It's interesting, in the wake of Jim Calhoun's sudden decision to retire as UConn's long time men's basketball coach, to remember what almost was ...
It was 1986 when Calhoun's predecessor Dom Perno resigned after four consecutive losing seasons.
UConn administrators launched a regional search for a replacement. The final two candidates were Calhoun and Mitch Buonaguro, who is now entering his third season as Siena's head coach.
The knee jerk reaction is to say that UConn made the right choice. Buonaguro has never been a head coach above the mid-major level, got fired from his first job as head man at Fairfield in 1991 after six seasons there and didn't get another chance until Siena promoted him prior to the 2010-11 seasons after he served as Fran McCaffery's lead assistant with the Saints the previous five seasons.
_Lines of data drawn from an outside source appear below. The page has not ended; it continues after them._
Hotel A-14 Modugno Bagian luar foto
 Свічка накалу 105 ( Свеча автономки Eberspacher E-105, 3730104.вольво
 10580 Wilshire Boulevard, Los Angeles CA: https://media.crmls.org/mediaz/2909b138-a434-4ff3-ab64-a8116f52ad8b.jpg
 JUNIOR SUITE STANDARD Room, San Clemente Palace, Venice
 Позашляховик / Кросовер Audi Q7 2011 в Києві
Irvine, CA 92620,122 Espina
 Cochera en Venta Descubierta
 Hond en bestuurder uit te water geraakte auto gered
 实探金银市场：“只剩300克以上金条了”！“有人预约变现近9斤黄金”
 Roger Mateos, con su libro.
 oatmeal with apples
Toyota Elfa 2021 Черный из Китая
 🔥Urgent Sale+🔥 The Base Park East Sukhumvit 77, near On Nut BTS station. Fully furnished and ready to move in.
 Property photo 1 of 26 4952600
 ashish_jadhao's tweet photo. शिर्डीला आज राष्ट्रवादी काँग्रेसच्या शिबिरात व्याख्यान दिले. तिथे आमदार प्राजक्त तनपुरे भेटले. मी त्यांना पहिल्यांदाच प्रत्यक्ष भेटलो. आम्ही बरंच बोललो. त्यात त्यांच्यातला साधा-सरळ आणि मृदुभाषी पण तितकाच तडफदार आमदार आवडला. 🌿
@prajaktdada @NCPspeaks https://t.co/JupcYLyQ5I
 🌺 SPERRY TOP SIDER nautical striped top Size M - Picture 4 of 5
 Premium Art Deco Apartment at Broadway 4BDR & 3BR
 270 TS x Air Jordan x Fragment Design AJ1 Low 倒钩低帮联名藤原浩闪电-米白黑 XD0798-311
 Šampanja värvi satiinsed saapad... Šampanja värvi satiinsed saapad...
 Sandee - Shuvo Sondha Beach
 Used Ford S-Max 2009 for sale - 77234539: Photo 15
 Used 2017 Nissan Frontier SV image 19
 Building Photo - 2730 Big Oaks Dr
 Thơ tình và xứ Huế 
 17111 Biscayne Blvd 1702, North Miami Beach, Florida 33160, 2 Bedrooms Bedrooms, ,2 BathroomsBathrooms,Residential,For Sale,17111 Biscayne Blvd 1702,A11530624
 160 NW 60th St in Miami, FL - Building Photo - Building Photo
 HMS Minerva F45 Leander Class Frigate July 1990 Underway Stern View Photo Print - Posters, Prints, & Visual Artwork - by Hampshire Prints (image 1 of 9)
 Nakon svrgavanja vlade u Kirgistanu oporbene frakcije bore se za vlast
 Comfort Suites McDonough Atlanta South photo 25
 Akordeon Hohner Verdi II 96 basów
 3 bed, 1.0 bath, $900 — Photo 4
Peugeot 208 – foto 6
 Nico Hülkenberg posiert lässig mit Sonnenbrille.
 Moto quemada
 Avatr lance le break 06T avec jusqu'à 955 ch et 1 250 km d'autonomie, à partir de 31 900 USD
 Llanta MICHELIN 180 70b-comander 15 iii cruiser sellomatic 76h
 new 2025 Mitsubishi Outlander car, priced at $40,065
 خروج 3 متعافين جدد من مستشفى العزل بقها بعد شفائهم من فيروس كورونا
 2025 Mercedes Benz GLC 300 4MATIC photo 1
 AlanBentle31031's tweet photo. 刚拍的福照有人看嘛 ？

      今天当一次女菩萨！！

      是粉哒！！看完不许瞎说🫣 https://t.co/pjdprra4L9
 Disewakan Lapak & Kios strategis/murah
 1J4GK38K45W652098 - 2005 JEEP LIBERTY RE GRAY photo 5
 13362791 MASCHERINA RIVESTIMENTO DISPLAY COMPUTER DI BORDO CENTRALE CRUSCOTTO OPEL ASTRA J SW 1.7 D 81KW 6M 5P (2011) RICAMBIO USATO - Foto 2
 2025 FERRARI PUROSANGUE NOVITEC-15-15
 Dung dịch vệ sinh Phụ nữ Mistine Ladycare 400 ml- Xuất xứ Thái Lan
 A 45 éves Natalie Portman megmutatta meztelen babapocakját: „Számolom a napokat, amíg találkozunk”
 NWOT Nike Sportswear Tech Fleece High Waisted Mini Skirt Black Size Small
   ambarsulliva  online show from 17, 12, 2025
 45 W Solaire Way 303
Back in 1986, though, UConn's choice wasn't a clear one.
Buonaguro was one year removed from being part of an NCAA championship-winning staff, Rollie Massimino's lead assistant for the 1984-85 Villanova team that pulled off one of the sport's biggest upsets, a victory over the Patrick Ewing-led Georgetown team in the title contest.
Buonaguro had prepared the game-winning scouting report.
Shortly thereafter Fairfield hired Buonaguro and, in his first season there, he directed the Stags to a 24-7 record and its first appearance in the NCAA tournament.
And, then, UConn was interested.
Buonaguro was 32 years old at the time.
Calhoun was 44 and had never coached above the mid-major level in any capacity. He was a high school coach until moving to Northeastern. That school had a vacancy for a head coach in 1972, but failed to attract at least a half dozen of its primary candidates before settling on Calhoun, who had been 18-0 at nearby Dedham (Mass.) H.S. the previous season.
Calhoun directed Northeastern to a 19-7 record his first season there (1972-73), but the program reverted to mediocrity (75-75) over its next six seasons.
And, then, Calhoun turned things around, bringing in future NBA player Perry Moss, among others and, later, the late Reggie Lewis. Over his last seven seasons Northeastern became the powerhouse of the old North American Conference (which then included current MAAC members Siena, Canisius and Niagara) and ran up a 154-55 record and five trips to the NCAA tournament.
It was enough to attract UConn, which gave the position to the older, more-experienced Calhoun over Buonaguro.
Buonaguro then took his second Fairfield team to the NCAA tournament, despite a 12-15 regular-season record (it won the league's post-season tournament). In his next four years, though, Fairfield had a 33-80 record and Buonaguro was relieved of duties.
He had a successful run as an assistant coach for the next five seasons at Texas A & M, for seven seasons after that at Cleveland State (reunited with Massimino) and, then, moved to UNC Greensboro to coach under McCaffery, who he followed to Siena in 2005.
Siena gave him another chance to be a head coach, but his first team had graduated its core of talent and finished 13-18. Last season, a rash of injuries and two key ineligibilities left Buonaguro with, basically, a six-man playing group. The Saints were a very respectable 14-17.
This season, Siena is poised to finish among the leaders in the MAAC.
But, UConn made the right choice back then. It picked a coach who not only vitalized a program, but took it to three NCAA championships during his time there.